Le 18 avril 1945, les autorités françaises organisent un rapatriement par avion de 23 personnalités internées à Buchenwald : des officiers, des universitaires, des parlementaires… et un ouvrier, Marcel Paul. L’avion des déportés est attendu par une petite foule sur le terrain d’aviation du Bourget. Parmi elle, une jeune secrétaire de la Fédération CGT de l’éclairage et des forces motrices, Suzanne Barès. C’est à cette occasion que Marcel Paul fit la connaissance de celle qui sera sa compagne jusqu’à la fin de ses jours.
Après trois ans et demi d’internement qui l’ont vu côtoyer presque quotidiennement la mort et perdre dix kilos, Marcel Paul est partout à la fois.
Après quelques réunions parisiennes, Marcel Paul repart en avion pour Buchenwald avec le colonel Manhès, dans le double but d’accélérer les rapatriements de déportés français et de documenter les crimes nazis auprès du gouvernement français.
Quelques semaines plus tard, il devient vice-président de la Fédération nationale des centres d’entraide des internés et déportés politiques (FNCEADIP), une des principales organisations de solidarité entre anciens déportés. Le 1er mai 1945, premier à être célébré depuis six ans, Marcel Paul défile en tête du cortège des anciens déportés.

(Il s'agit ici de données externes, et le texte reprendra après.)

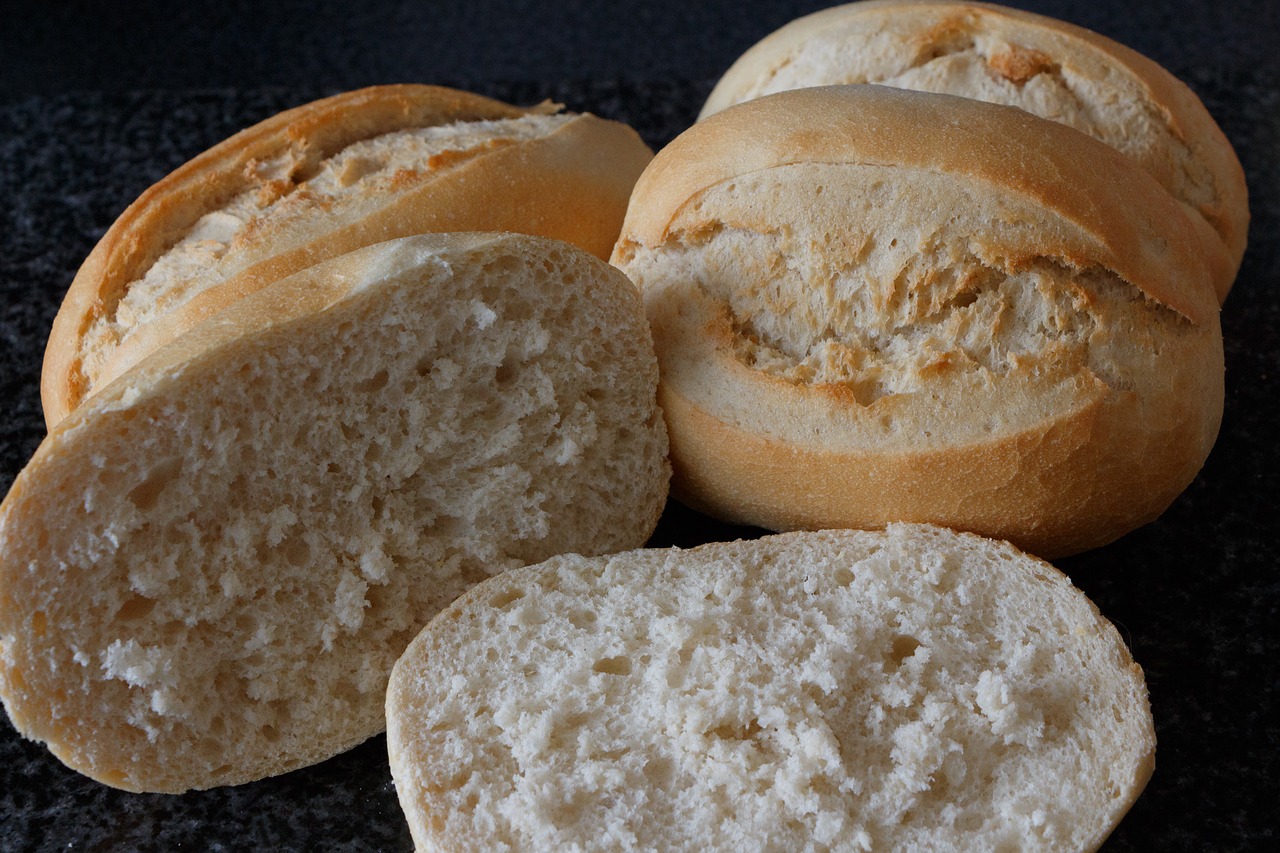 bread loaf food free photo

Marcel Paul reprend aussi contact avec la Fédération CGT de l’éclairage et des forces motrices, qu’il avait délaissée en septembre 1939, car elle était divisée par l’expulsion des communistes ne désavouant pas le pacte germano-soviétique. La voici réunifiée par les accords du Perreux de 1943, recréant l’unité de la CGT. La fédération semble assez puissante pour gagner sa vieille revendication de nationalisation du secteur électrique et gazier, qui figure au programme du Conseil national de la Résistance.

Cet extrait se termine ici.